# Data for review
Content starts

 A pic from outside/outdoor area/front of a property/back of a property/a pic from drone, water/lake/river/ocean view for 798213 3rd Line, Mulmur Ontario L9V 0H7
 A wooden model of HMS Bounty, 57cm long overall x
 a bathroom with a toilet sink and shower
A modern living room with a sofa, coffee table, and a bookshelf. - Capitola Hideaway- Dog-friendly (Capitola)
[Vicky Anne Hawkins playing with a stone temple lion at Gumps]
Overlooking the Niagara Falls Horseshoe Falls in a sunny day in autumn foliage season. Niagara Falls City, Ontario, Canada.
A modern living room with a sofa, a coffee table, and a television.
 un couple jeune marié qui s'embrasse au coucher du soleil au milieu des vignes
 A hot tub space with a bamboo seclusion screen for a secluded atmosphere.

Content ends
Content starts

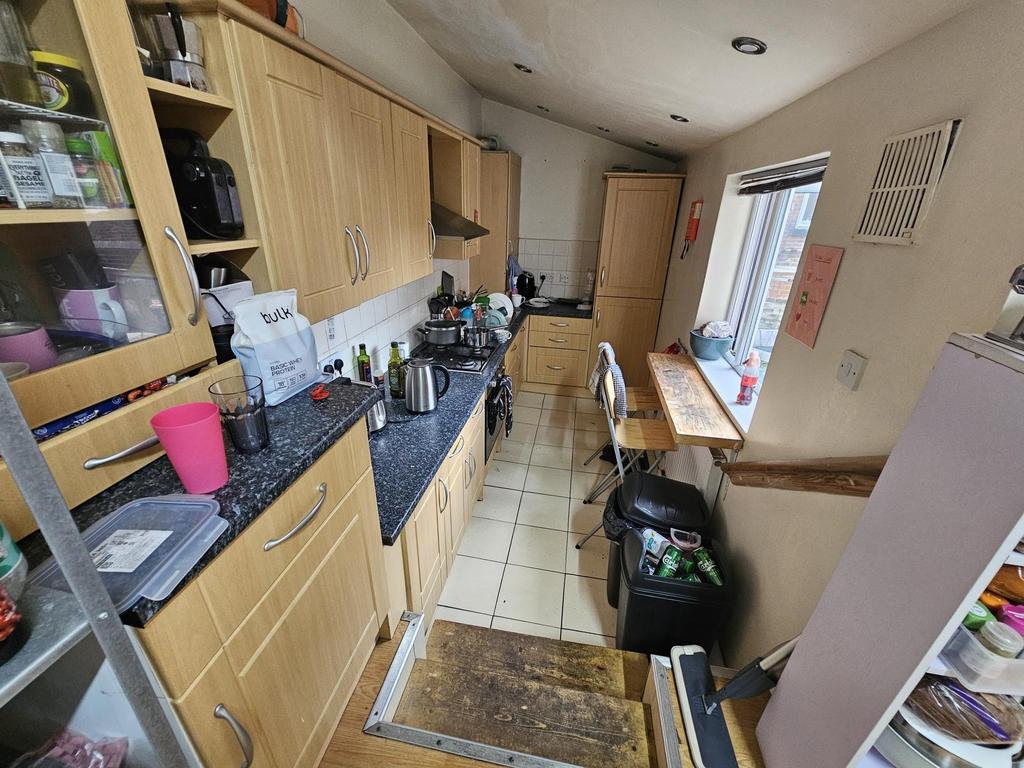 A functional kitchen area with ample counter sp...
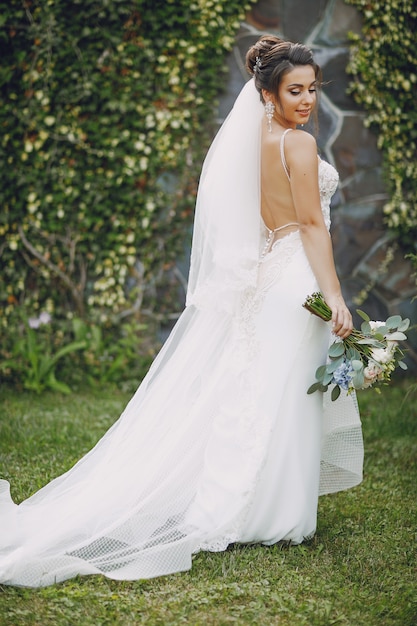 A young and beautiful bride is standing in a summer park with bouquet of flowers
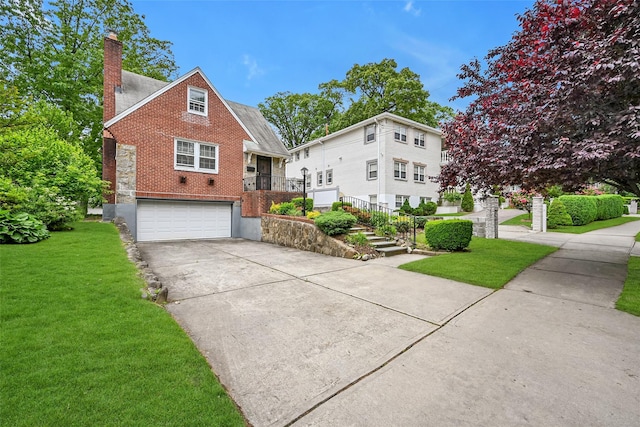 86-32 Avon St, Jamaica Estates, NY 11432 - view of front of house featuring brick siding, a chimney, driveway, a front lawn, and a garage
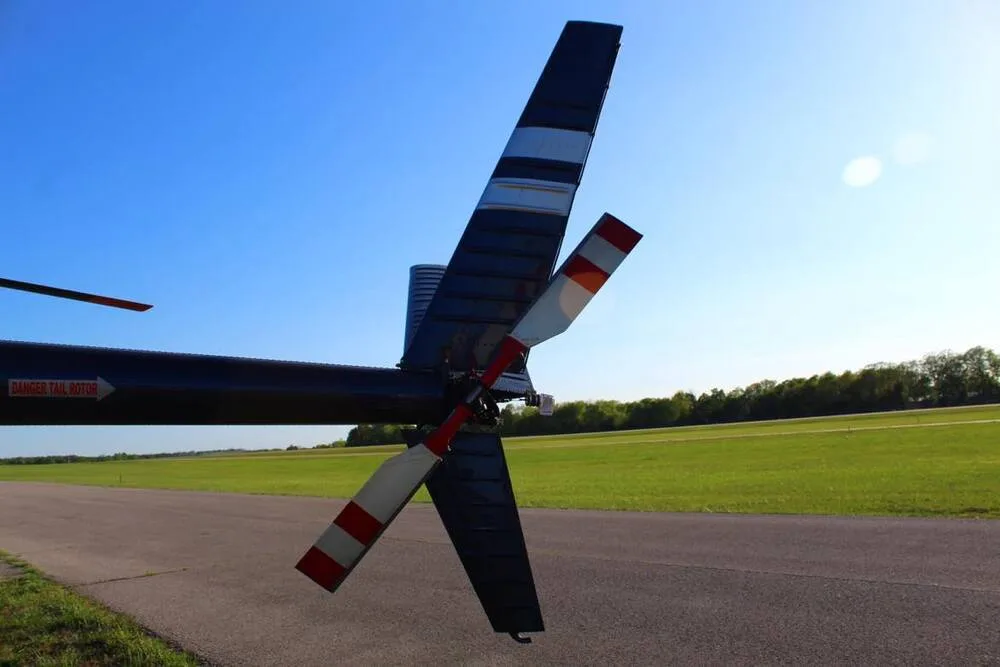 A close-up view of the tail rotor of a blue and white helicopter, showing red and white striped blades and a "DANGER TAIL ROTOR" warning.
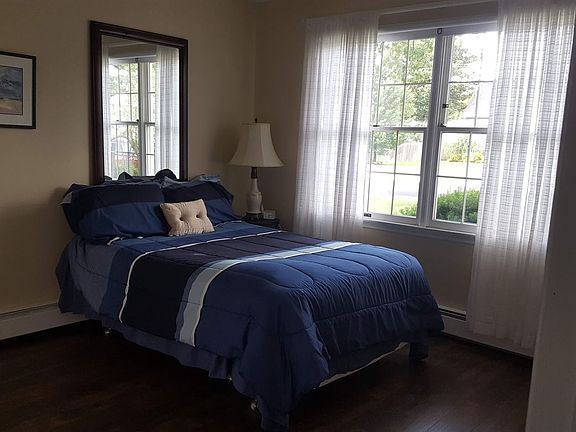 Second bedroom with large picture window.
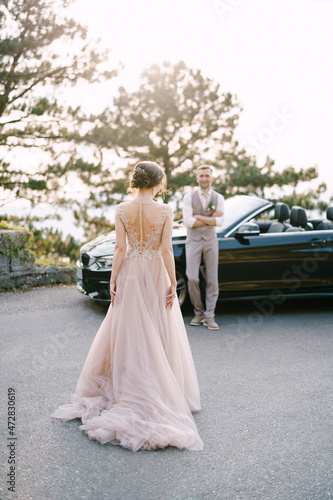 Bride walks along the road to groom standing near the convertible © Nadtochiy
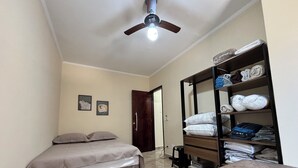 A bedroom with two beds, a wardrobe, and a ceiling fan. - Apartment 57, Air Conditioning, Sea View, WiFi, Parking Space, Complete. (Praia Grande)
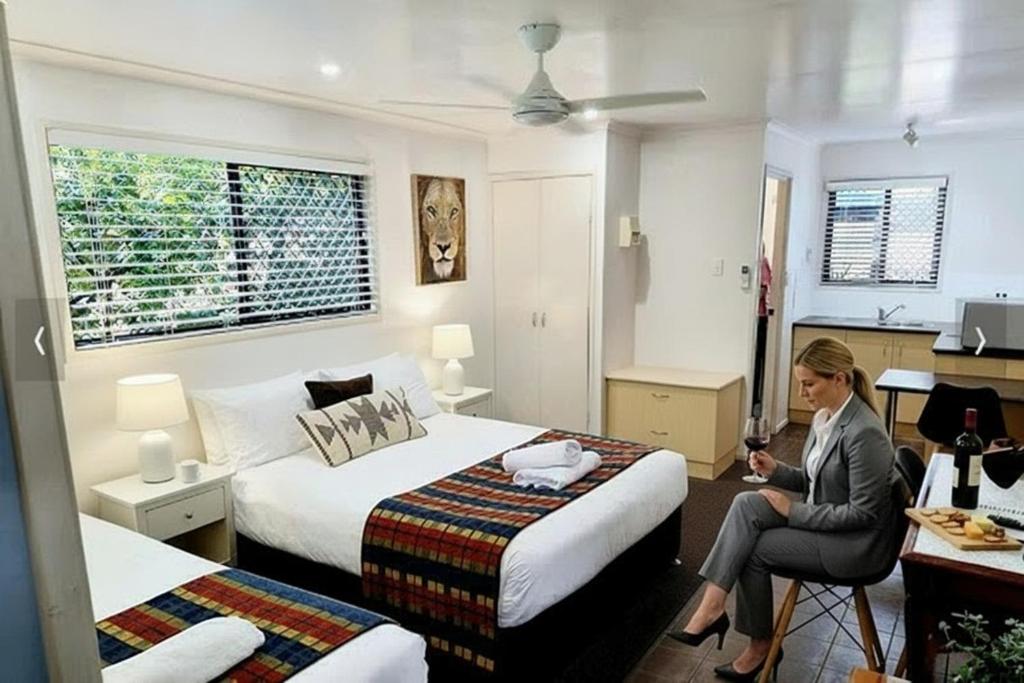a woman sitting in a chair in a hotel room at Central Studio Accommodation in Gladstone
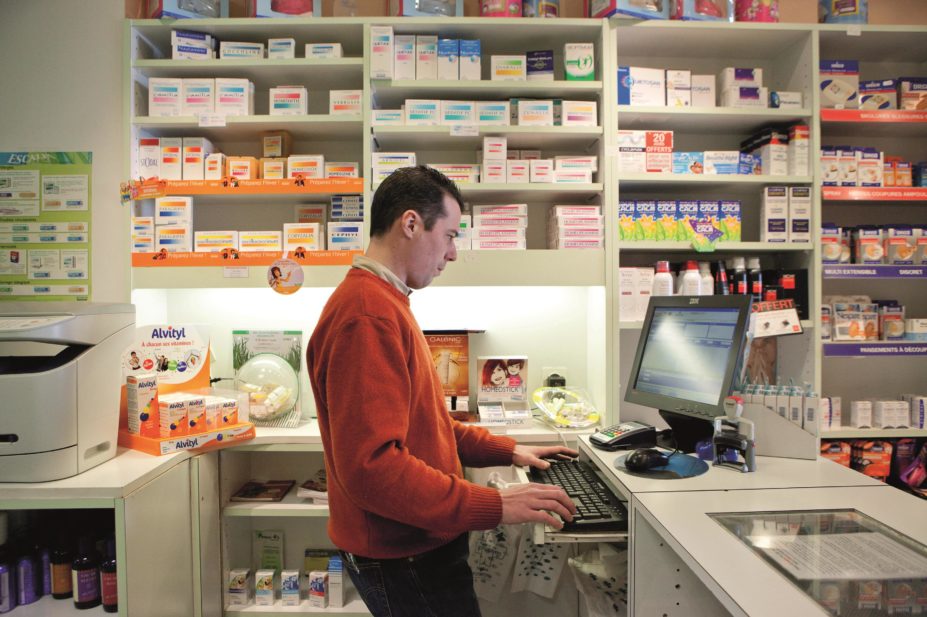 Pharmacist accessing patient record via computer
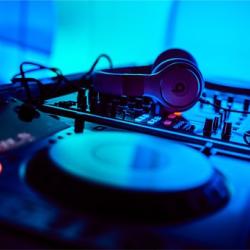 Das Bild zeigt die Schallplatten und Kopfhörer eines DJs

Content ends
Content starts

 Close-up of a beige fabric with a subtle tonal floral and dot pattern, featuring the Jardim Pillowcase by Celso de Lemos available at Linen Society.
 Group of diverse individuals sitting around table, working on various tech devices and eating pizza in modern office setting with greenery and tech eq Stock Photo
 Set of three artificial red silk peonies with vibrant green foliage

Content ends

Which lines of the data above contain "foliage"? Copy each one.

Overlooking the Niagara Falls Horseshoe Falls in a sunny day in autumn foliage season. Niagara Falls City, Ontario, Canada.
 Set of three artificial red silk peonies with vibrant green foliage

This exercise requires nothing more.